The model was produced in all three Raleigh Industries brands: no. 27 Raleigh Super Lenton, no. 127 Rudge Aero Special (taking its name from Rudge's pre-war top-end lightweight) and no. 327 Humber Streak, certainly one of the most effective and catchy names in the entire Raleigh line-up. Although each offered its own distinctive fork crowns (the Rudge sloping design and Humber's twin-plate "Simplex"), the colours were same as the Raleigh model which was the first time different colours for each brand were not offered. In addition to the Polychromatic Electric Blue (as previously offered on the Clubman), there was also the choice of Lustre Orange, both with white lining and distinctive transfers. Probably a consequence of reoccuring chrome shortages at the time, the Super Lenton initially lacked the chromed fork ends of the Clubman.
The Super Lenton's biggest selling point over the Clubman was its considerably cheaper price: £20.16s.6d. with double fixed rear hub or £23.15s3d. with four-speed Sturmey-Archer hub compared to £27.5s.9d. for the single-speed Clubman.
|Raleigh's 1952 catalogue featured celebrity endorsements and here, the new Super Lenton is introduced by footballer Stan Matthews.|
The new model was introduced to public at the London Bicycle and Motorcycle Show in December 1951 and was one of the star attractions of the event. The new machine certainly impressed "Cycling" magazine's famous reviewer, "Nimrod", who wrote:
"even before I had the opportunity of riding the 'Super Lenton' bicycle, I gained a favourable impression, for it is one of those machines that looks good and therefore gives every promise of some fine wheeling. It emerged into the semi circle at a pre-Show [the London cycling show of 1952] at Raleigh's Nottingham factory, when the men who had been responsible for its production, from the first design on the drawing board to the finished article, wheeled it in with expressions on their faces that showed modest complacency and satisfaction with a job well done.

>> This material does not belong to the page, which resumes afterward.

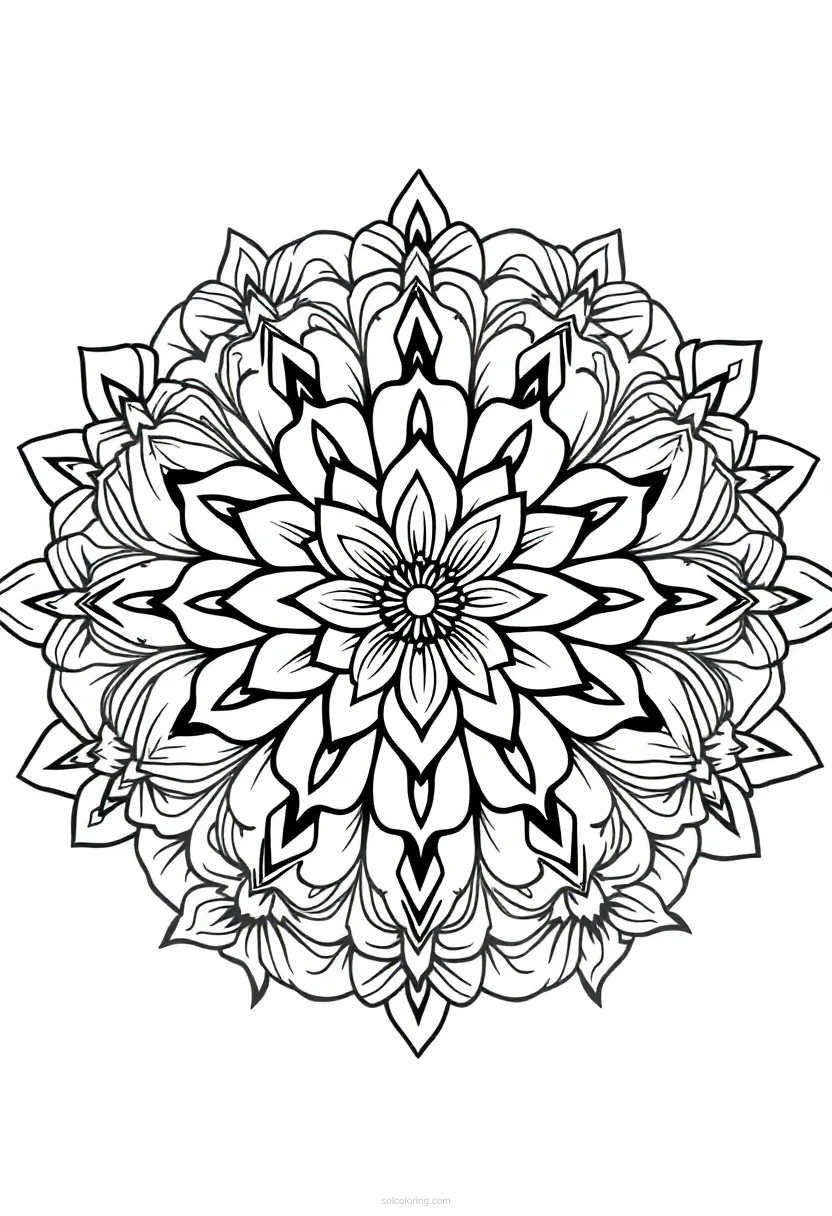 Mandala Rose Garden coloring page for kids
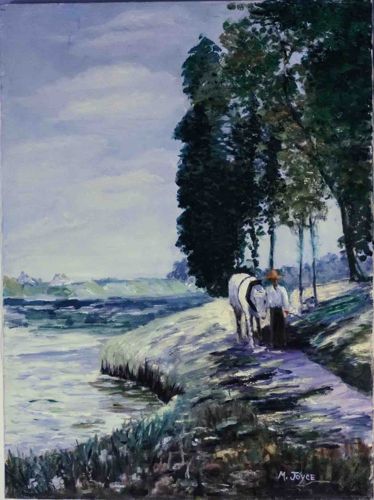 Pastoral Landscape with Figure and Horse by Mildred Joyce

Talking with the Show visitors a few weeks later, I heard several comments that more out the Nottingham satisfaction, comments that linked these three things, the design of the machine, the quality of the components and accessories, and the price.
My subsequent riding on the 'Super Lenton', added to these qualities, others such as good workmanship, comfort and that msyterious something which is inherent in some bicycles and lacking in others, 'life'. Fearing that I was likely to become too eulogistic of this smart, blue mount, I tried to become rather more critical, but really it is very difficult to find fault with this machine.... Couple with all this the excellent finish, good handling and easy-running properties that I proved to my own satisfaction, and you have everything that it takes to make a first-class bicycle.
|The Raleigh Super Lenton as offered in the 1952 export brochure for the Irish market. credit: Paul Whatley collection.|
|The Humber Streak as it appeared in the 1952 export brochure. It and the Rudge Aero Special were initially available only in the Flamboyant Electric Blue as on the Clubman and all models lacked chromed fork and triangle ends.|
A reduction in the tax on new bicycles in the 1953 budget saw the price for the Super Lenton drop to £20.18s.8d. that model year.
|The Super Lenton in the 1954 brochure showing the chrome fork ends introduced that year.|
For the 1954 model year, chromed fork and rear triangle socks made a welcome return and Lustre Royal Carmine replaced Lustre Orange as option to the stock Electric Blue. But the price remaining unchanged and the Super Lenton range still represented excellent value.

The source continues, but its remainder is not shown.